Another absolutely beautiful tale of magic and pain, told in silver-tongued prose. A cursed creature of the marsh, a prophet whose prophecies are forcibly cut and torn out by cruel princes who wish to be kings. Until one day a princess arrives to seek the marsh prophet’s help. . . A lovely, moving, ringing tale.

 

“And the Ones Who Walk In” by Sarah Avery in Beneath Ceaseless Skies

The girl who had never known hunger turned her back on that house and walked, her hands empty, right out of the city.
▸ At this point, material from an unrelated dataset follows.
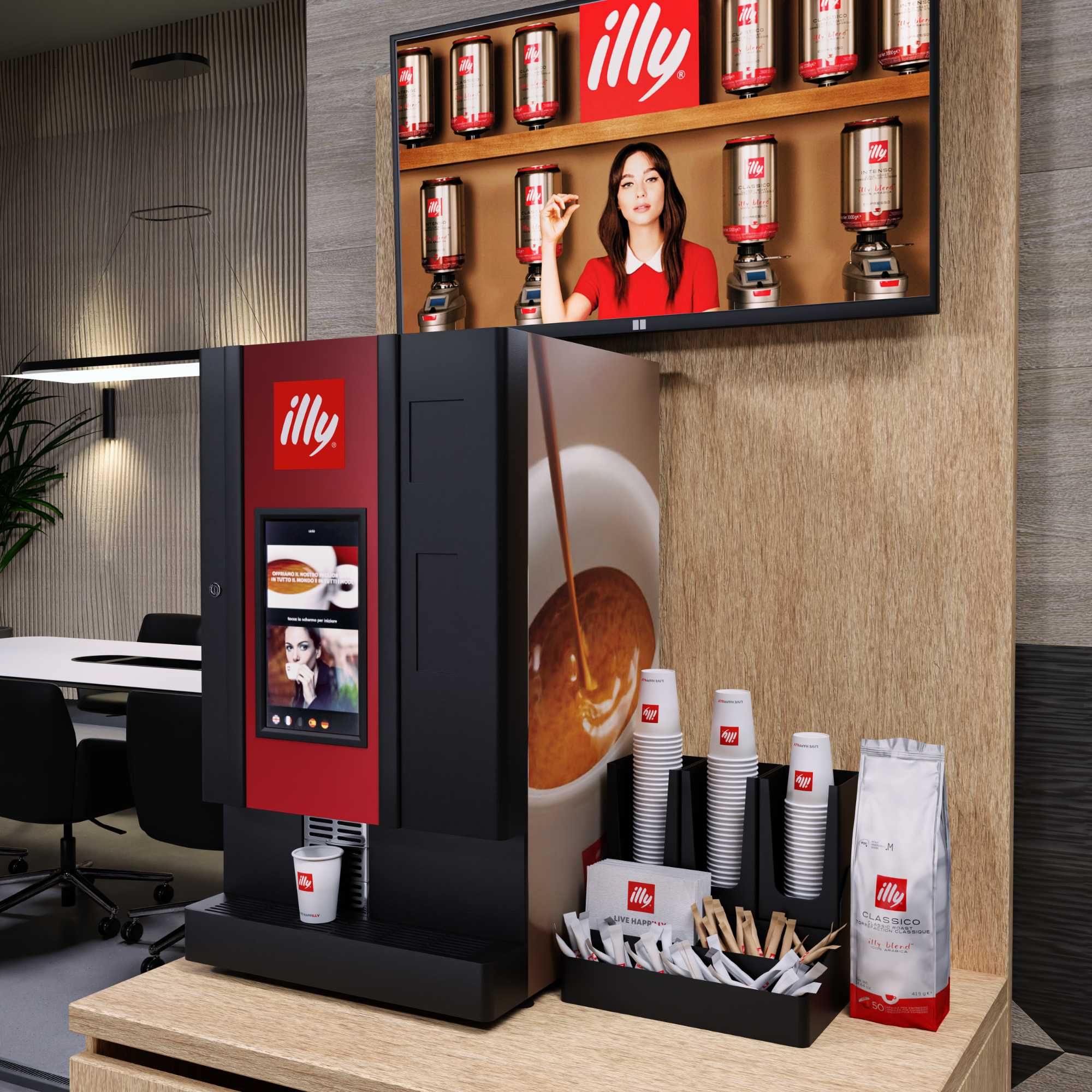 Вендинг машина illy FAS 300T Vending
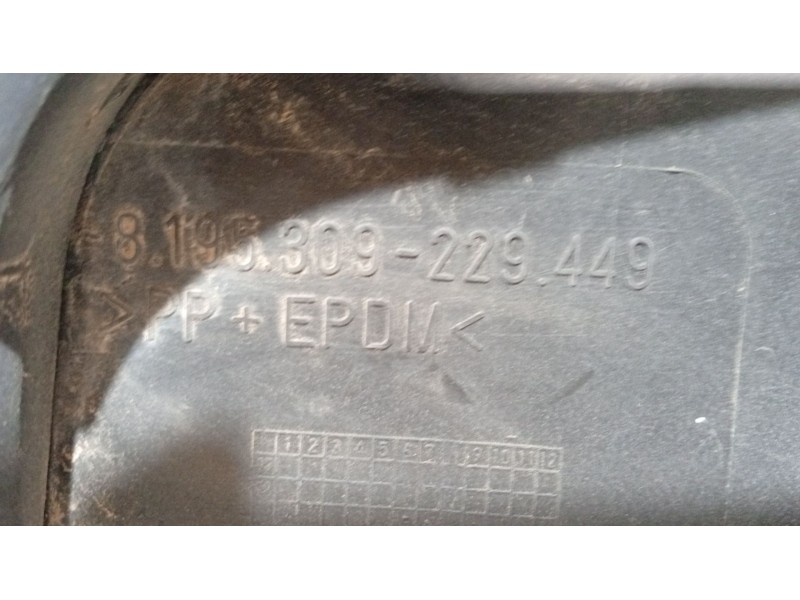 Recambio de paragolpes trasero para peugeot 206 berlina x-line referencia OEM IAM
She did not say goodbye to her mother.

 

A haunting take—a sequel of sorts, really--on Ursula K LeGuin’s classic “The Ones Who Walk Away from Omelas.” In LeGuin’s classic tale, a seemingly utopian city’s peace and prosperity are all dependent upon a terrible bargain: the misery and torture of an innocent child. Most people of the city accept this bargain as the price for the happiness of many. But there are those who cannot abide with this situation, and they are the ones who walk away. No one knows what happens to them, and LeGuin writes in the last sentence: “But they seem to know where they are going, the ones who walk away from Omelas.”

 

Avery’s story is about the ones who dare to walk away, and of what happens to them. And it’s about those who would walk in, who face such horror outside the magic walls of a protected city that they would indeed buy into this terrible bargain to keep themselves safe. . . and to keep their loved ones safe, too. This is a wrenching story that looks straight-on at evil and suffering, and that will make you feel both for those who walk away and for those who willingly walk in. A remarkable achievement.

 

“The Taste of Your Name” by Amal Singh in Translunar Travelers Lounge

“Alankrutha Nair,” I said, shaping my lover’s name, tasting every morsel of it; the saccharine sweetness of jalebi dipped in yogurt, the tang of tamarind in sambhar. A name I couldn’t forget.

 

A gorgeous, ultimately heartwarming story about the taste of words and names, about family and a family curse, and about love.

 

“Mr. Death” by Alix Harrow in Apex Magazine

“. . . they don’t recruit heartless bastards to comfort the dead and ferry their souls across the last river. They look for people whose hearts are vast and scarred, like old battlefields overgrown with poppies and saplings. People who know how to weep and keep working, who have lost everything except their compassion.”

 

The “Mr. Death” of this tale has reaped souls for three years, guiding them across the last river with compassion, working hard and doing a good job. Until he faces a job he might not be able to handle, that shakes him to his core: the untimely death of a child. This is an absolutely beautiful story, one that will break your heart and scare you, then mend your heart and uplift you. It’s about death and love and parenthood and children and the heartache of loving anyone in this world. It’s by Alix Harrow, so of course it will break you and then fix you; of course it’s generous and kind. You should read it, and you should read everything by this writer.